When Reay was a boy he moved with his family to Williamstown, Melbourne and was educated at the Church of England School, and later King's College in East Melbourne. He went to sea at the age of thirteen, but disembarked in Dunedin and found work as a softgoods clerk. Reay returned to Melbourne on the Tararoa (later shipwrecked) and worked for nine years for the Victorian Sugar Company at Yarraville. He married Lucinda Braithwaite Broadbent on 10 April 1882.
Reay first became involved in journalism when he purchased the Coleraine Albion in June 1883 and subsequently bought the Port Melbourne Standard. In 1887-90 he was editor of the Hamilton Spectator, and was then employed in 1891 by W. H. Fitchett as leader-writer and assistant editor of the Melbourne Daily Telegraph. When it closed in 1892 he began working at the Weekly Times and subsequently for the Herald as literary editor and later associate editor.

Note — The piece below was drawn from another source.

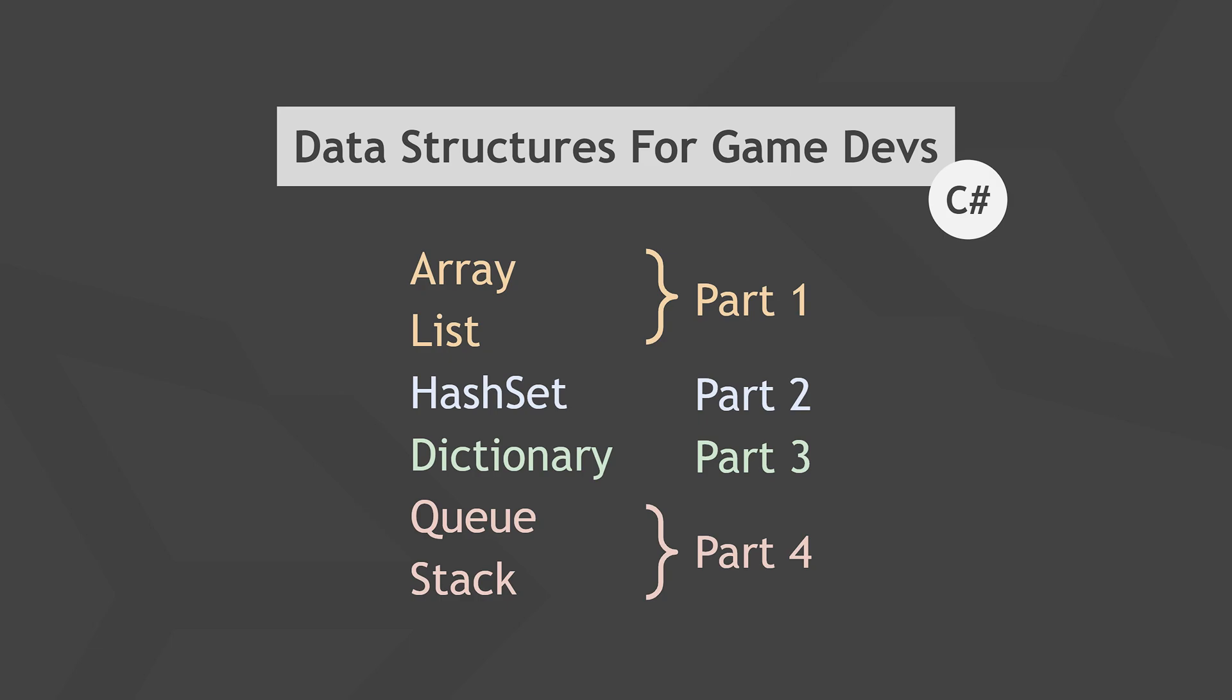Welcome back! In this video we'll cover queues and stacks. We'll see where and how you can use them in your Unity game and check out lots of examples.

As an officer of the Victorian Mounted Rifles from 1886, in October 1899 Reay accompanied the first Australian contingent to the South African War as correspondent for the Herald and the South Australian Register. He was awarded the South African medal for special military service at Jasfontein. His book, Australians in War (1900), contained one particular extract, 'The Highland Brigade buries its dead', which became a classic of war reporting. In 1903 Reay retired from the Mounted Rifles with the rank of lieutenant-colonel.
In 1900 Reay joined the Legislative Assembly as the member for East Bourke Boroughs. In 1904 he became managing editor of the Herald, which commissioned him to prepare a report on the voluntary training scheme in Switzerland, published as The Swiss Army (1907). From 1911 Reay was the Herald's representative in London. On the outbreak of World War I, Reay was appointed as divisional commander of the Metropolitan Special Constabulary and in 1915 rose to the rank of inspector-general . He wrote a book describing these experiences, The Specials : How They Served London : The Story of the Metropolitan Special Constabulary (1920).
William Reay died at Woolwich Memorial Hospital, London, and was survived by his wife and five daughters.